Routh had previously supported Trump in 2016 before turning to support President Biden in 2020. By 2023, he was publishing a book that said Iran was “free” to kill the former president. In early 2024, he called for Governor Haley and businessman Vivek Ramaswamy — a diehard Trump supporter — to create a “winning” ticket in this year’s presidential election. 

One security expert, former NYPD investigator Patrick Brosnan, told Fox News Digital that law enforcement from the Secret Service to the FBI to the Palm Beach County Sheriff’s Office will look at “all things cellular, online shopping; phone camera images, bank records, email correspondence, recent search engine inquiries, dating app activity, identification of any possible burner phones, footage from … city streets, UPS trucks, Amazon trucks or backup cameras, and all cell tower pings within a fixed distance,” in order to determine Routh’s motives. 

One key political motivation that could help explain Routh’s desire to kill the 45th president is the would-be assassin’s dedication to Ukraine in its war against Russia. Just days after the 2022 invasion, Routh himself traveled to Ukraine to help defend the country, though a spokesman for Ukraine’s foreign legion tells the New York Sun that that Routh “has never been part of, associated with, or linked to the International Legion in any capacity.”

Trump has long had a difficult relationship with Ukraine and its leader, President Zelensky, ever since he withheld military aid in order to get the Ukrainian president to launch an investigation into Mr. Biden and his son, Hunter. Now, since the war has begun and since Trump launched his 2024 bid, he has been saying that Ukraine and Russia must come to a negotiated settlement that could result in President Putin taking Ukrainian territory permanently. 

“I want the war to stop,” Trump said at the debate with Vice President Harris after being asked if he wanted Ukraine to win the war. “I want to save lives.”

In a 2023 interview with Semafor, Routh said that he was frustrated with the Ukrainian government’s inability to recruit foreign soldiers to help defend their own country. 

Routh said he was trying to garner support for a foreign and military aid package by talking to members of Congress. He was also trying to recruit foreign fighters from Afghanistan to help fight the Russians. 
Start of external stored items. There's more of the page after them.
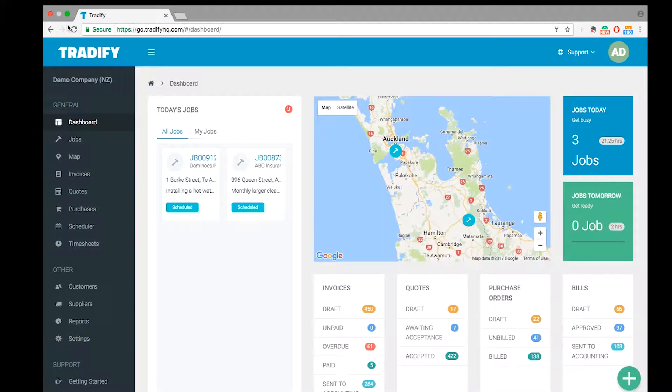So today I'm going to be running through the QuickBooks Online integration and how you would get this set up.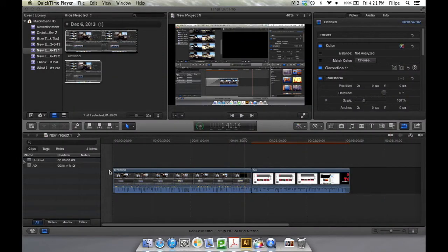Hello and welcome back to FMP Toots. In this tutorial I'm going to be showing you how to add a transition in Final Cut Pro.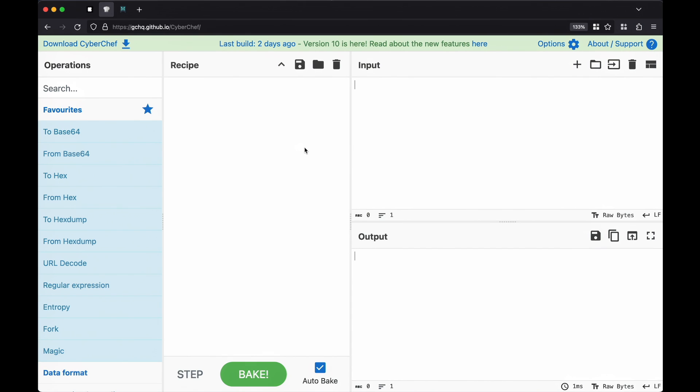When I see a code like this, one of my go-to tools is a tool created by the British intelligence agency, the GCHQ, called CyberChef. And it has four fields you have to worry about.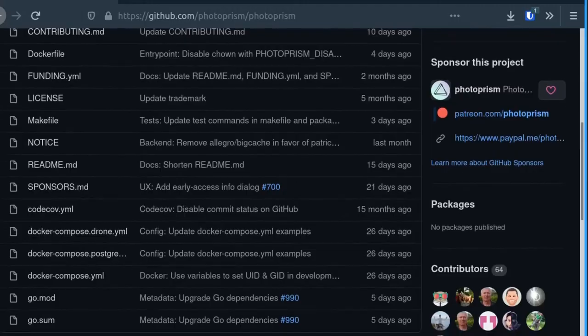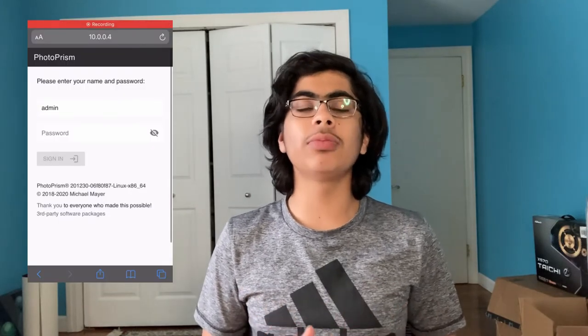Now it's time for Photoprism. Photoprism is an open source Google Photos replacement that has over 10,000 stars on GitHub. It has a neat UI and it uses Google TensorFlow to categorize your images. It currently only works in the web browser, but you can add it to the home screen on your mobile device for it to function like an app. It also has a community-developed beta app to test.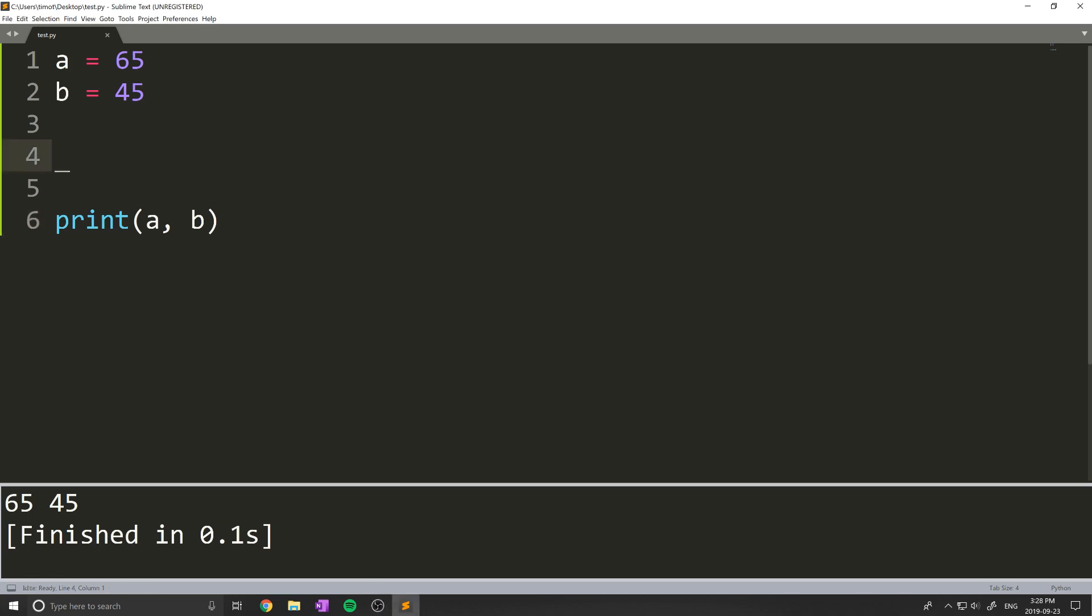Hello everyone, and welcome back to another video of Python quick tips. In this video, I'm going to show you how we can swap the value of two variables in one line in Python.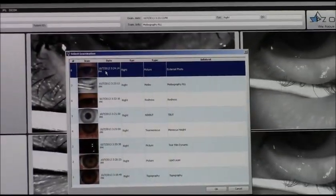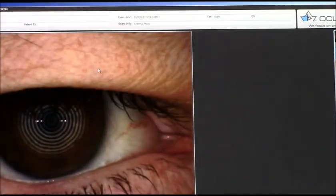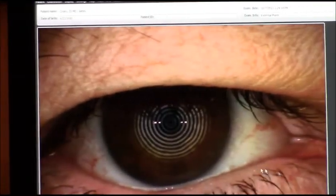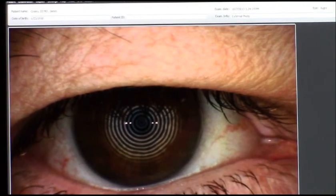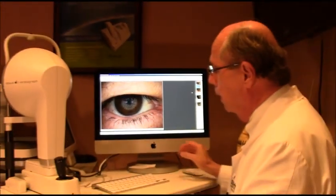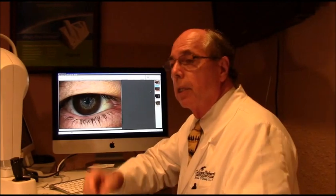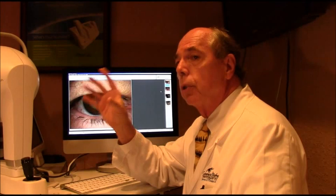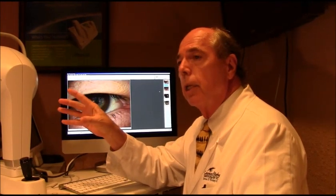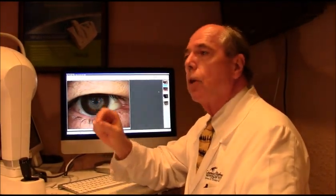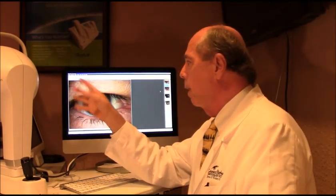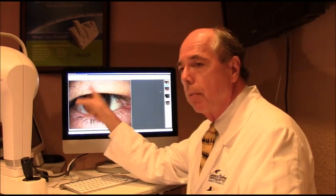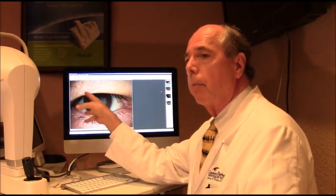The last feature is a photo function. If there were a lid lesion — say someone has skin cancer or something like that — we could take a picture to track the lesion over time. So those are all the different things this machine does. It allows us to diagnose the type of dry eye someone has, and then we come up with a treatment protocol accordingly. This person has meibomian gland disease, so we would treat the meibomian glands to try to improve their dry eye.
“Ukraine is very often hard to work with. Many foreign soldiers leave after a week in Ukraine or must move from unit to unit to find a place they are respected and appreciated,” Routh said more than one year after the invasion. He had been “yelled at” for saying they try to recruit the special operators from Afghanistan. “They’re afraid that anybody and everybody is a Russian spy.”

Routh has a long criminal history dating back to his time living in North Carolina decades ago. According to records obtained by the Greensboro News and Record, Routh was charged with more than a dozen misdemeanor offenses ranging from driving with a suspended license to hit and run. After an hours-long standoff with police officers in North Carolina, he was also charged with possessing a “weapon of mass destruction” — a fully automatic rifle in his case — which is a felony. 

The would-be golf course assassination marks the second time in as many months that someone tried to kill Trump, starting with the Butler, Pennsylvania shooter — Thomas Matthew Crooks — who shot Trump in the ear during a rally. Law enforcement has so far not released details about Crooks’s potential motives, though, like Routh, he seemed to have had shifting political allegiances. In 2021, he donated to a fundraising group associate with the Democratic Party and progressive causes, but later registered as a Republican.